___ MATERIAL FOR THIS EXERCISE ___
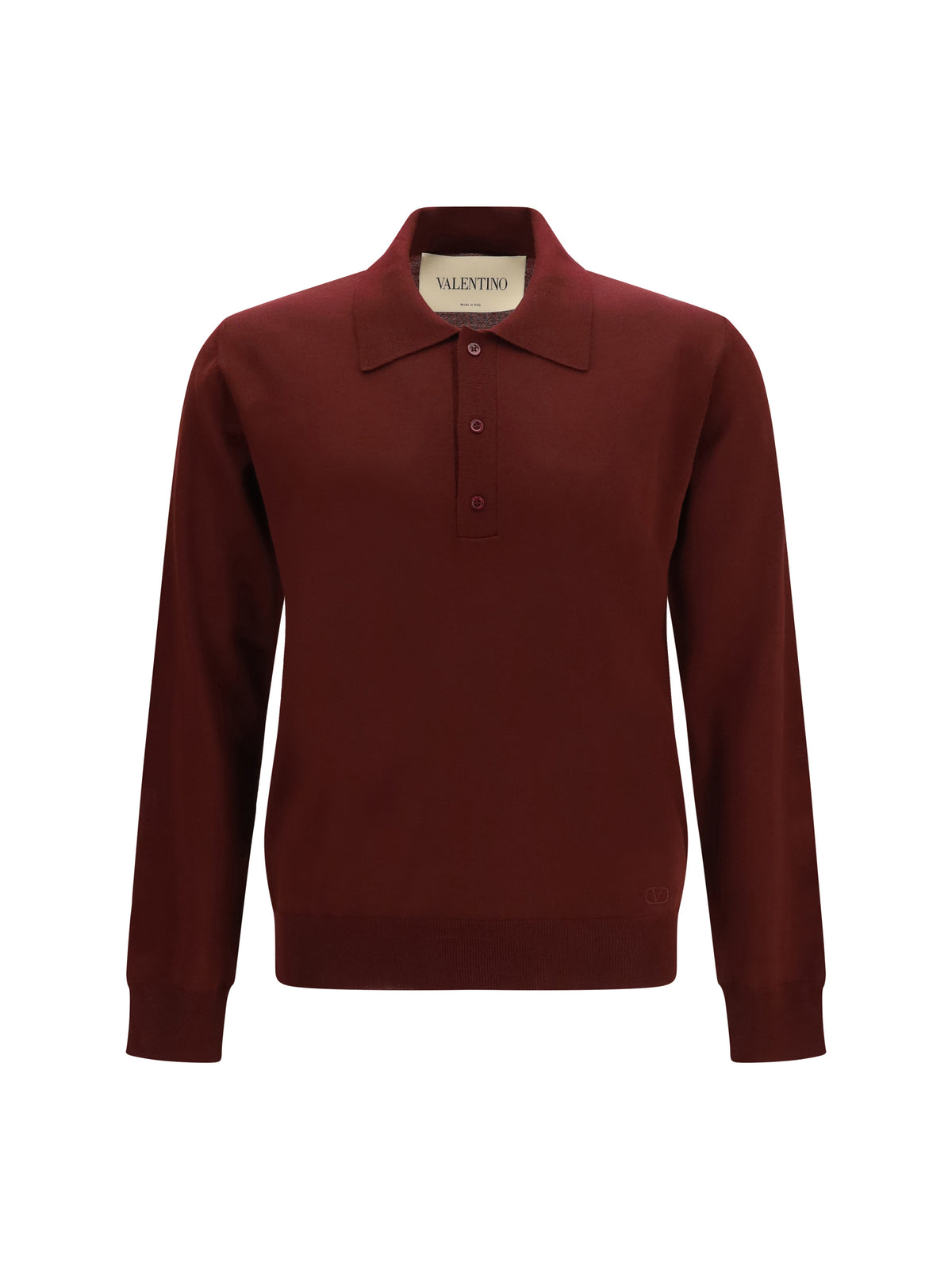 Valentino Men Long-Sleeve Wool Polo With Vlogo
___
___ MATERIAL FOR THIS EXERCISE ___
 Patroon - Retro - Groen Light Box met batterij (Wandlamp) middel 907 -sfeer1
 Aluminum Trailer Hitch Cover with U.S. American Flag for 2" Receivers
___
EXERCISE ->
Of the entries above, transcribe exactly those lines that fall between the line containing "Patroon - Retro" and the line containing "Aluminum Trailer Hitch", together with those two lines.

OUTPUT OF THE TASK ->
 Patroon - Retro - Groen Light Box met batterij (Wandlamp) middel 907 -sfeer1
 Aluminum Trailer Hitch Cover with U.S. American Flag for 2" Receivers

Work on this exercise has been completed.